_AIM OF THE EXERCISE:_ All the lines below should be set down exactly, with no picture carried into the copy.

_SUPPLIED DATA:_
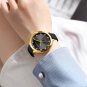 White with box_Dial Watches for Women Leather Band Rhinestones Ladies Wristwatch
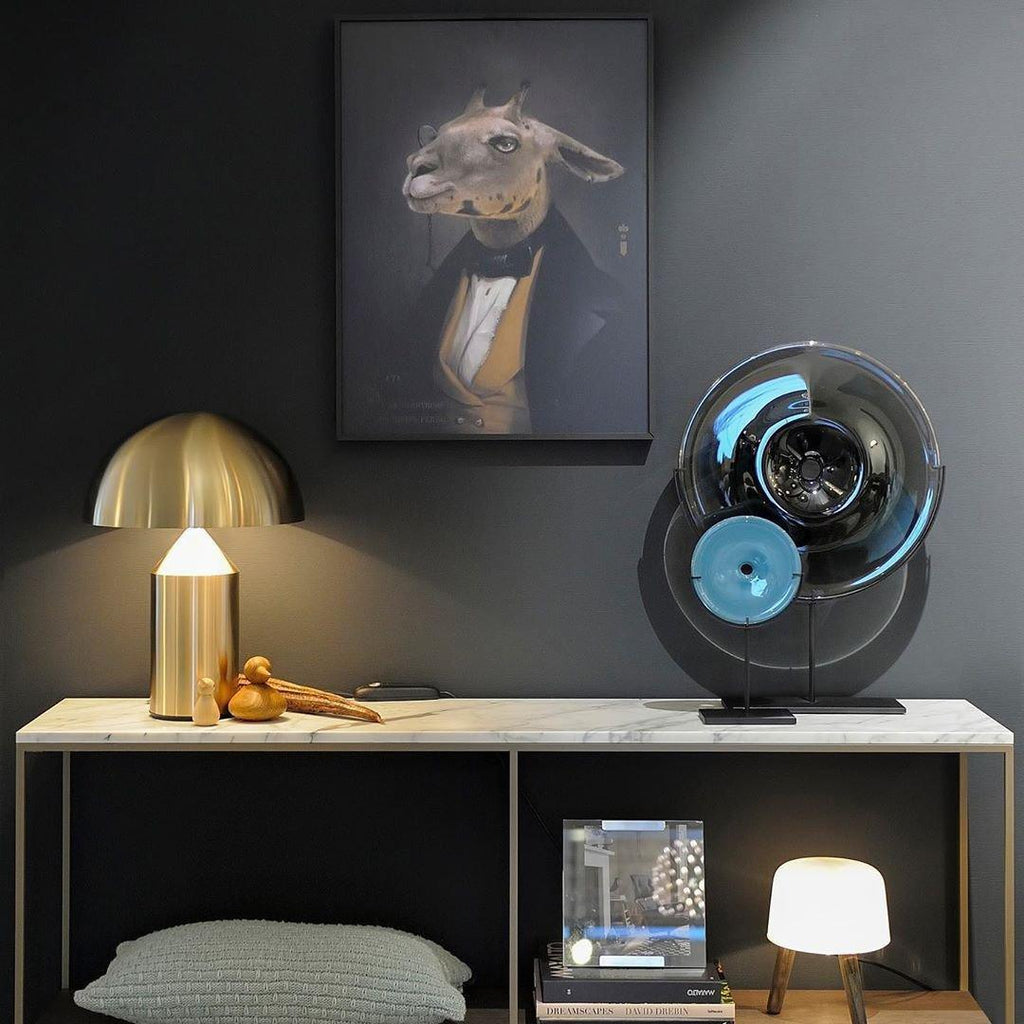 Astraea | Geometric Metal Table Lamp With Cylinder Cone Hemisphere
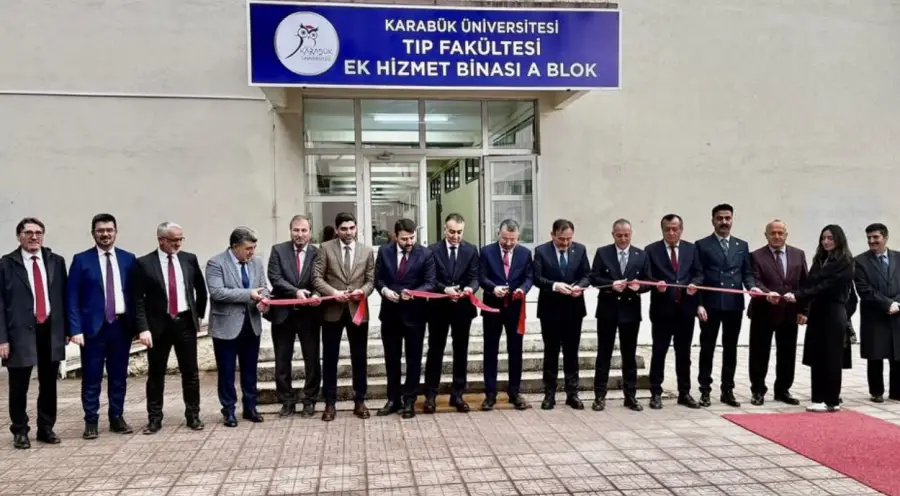 Tıp Fakültesi Ek Binası için düzenlenen açılış törenine katıldık.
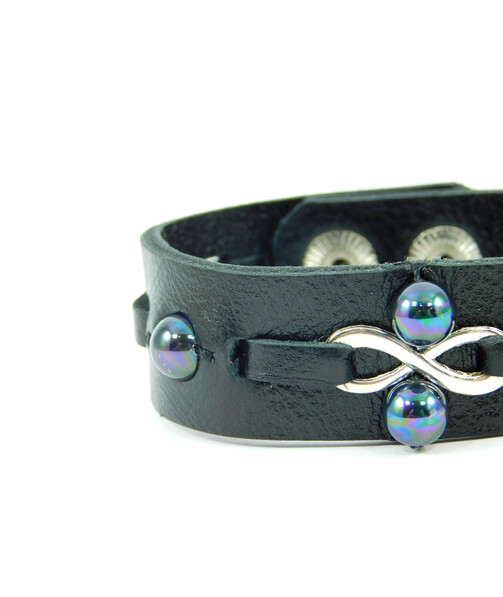 Exclusive leather bracelet "Infinity" Mallorca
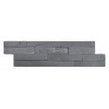 Ledgestone Black 10cm x 36cm Wall Tile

_EXERCISE OUTPUT:_
 White with box_Dial Watches for Women Leather Band Rhinestones Ladies Wristwatch
 Astraea | Geometric Metal Table Lamp With Cylinder Cone Hemisphere
 Tıp Fakültesi Ek Binası için düzenlenen açılış törenine katıldık.
 Exclusive leather bracelet "Infinity" Mallorca
 Ledgestone Black 10cm x 36cm Wall Tile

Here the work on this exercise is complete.